The following are recommended steps to port and optimize FORTRAN programs from the Challenge Irix 5.2 environment to Power Challenge and Irix 6.0. Much further detail is available on-line in MIPSpro books on Iris "insight" or in the man pages for f77 and pfa.

We describe here a small subset of the switches that have the broadest benefit based on our benchmarking experience.

I. Uniprocessor Performance Optimization

Before attempting multiprocessing, port and fully optimize for 1 processor. The largest effects are usually seen in climbing from step 1 to 3.
(1)
Remake with -O2 -mips2, linking with -mips2, and retest

You are actually using the same compiler as on Challenge. This is a sanity test step. Performance may be no better than Challenge.

(2)
Remake, -O2 -mips4, linking with -p -mips4, retest and profile

You are now using the new MIPSpro compiler, generating new R8000 instructions (such as multiply-add) and 64-bit addressing. Porting problems may arise. Answers may change slightly (with better accuracy) because the multiply-add instruction does not do rounding between the multiply and add.

For steps 3-6, try the recommended switch and reprofile the run. Compare the profile time for each subroutine to determine which subroutines benefit from the optimizations, and back off the switch wherever it doesn't help. Each switch usually improves performance, but may not on short loops or other special cases. Each switch may introduce changes in arithmetic rounding or accuracy as noted.

To focus the tuning effort where it will have the greatest effect, it is advisable on large codes to perform this experimentation only on the most time-consuming subroutines.

(3) Increase optimization
Increase optimization to -O3 -mips4 -p and use -lfastm at the end of the link command line to link with the fast math library.

You are now invoking software pipelining (SWP) for the R8000 architecture. (This has nothing to do with the -O3 optimizations of Irix 5.x and before.) Vector-style loops with about 10 or more iterations generally will run much faster. Loops with many lines of code generally are not pipelined. Loops with function calls (including many intrinsics) are not pipelined.
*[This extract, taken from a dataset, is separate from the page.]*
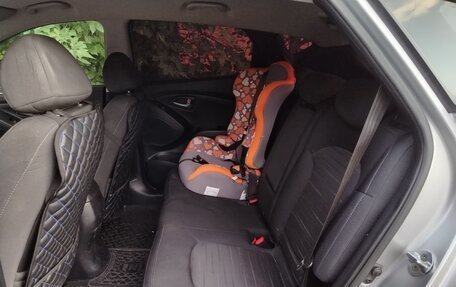 Hyundai ix35 I рестайлинг, 2014 год, 1 560 000 рублей, 10 фотография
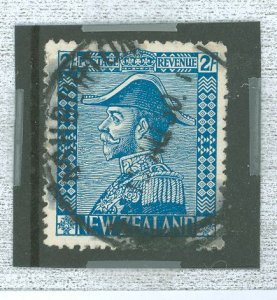 New Zealand #182av Used Single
Answers may change slightly at this stage due to more rounding differences. The KAP loop analyzer is on by default with -O3 and may perform optimizations that change the order of summations, for example. To see the performance and answers that are generated without KAP optimizations, you can turn off KAP optimizations by recompiling with the switch -WK,-so=0,-o=0,-r=0 added. However, if you later intend to use -pfa to parallelize this subroutine, you will have to remove this switch since KAP also performs the parallel optimizations.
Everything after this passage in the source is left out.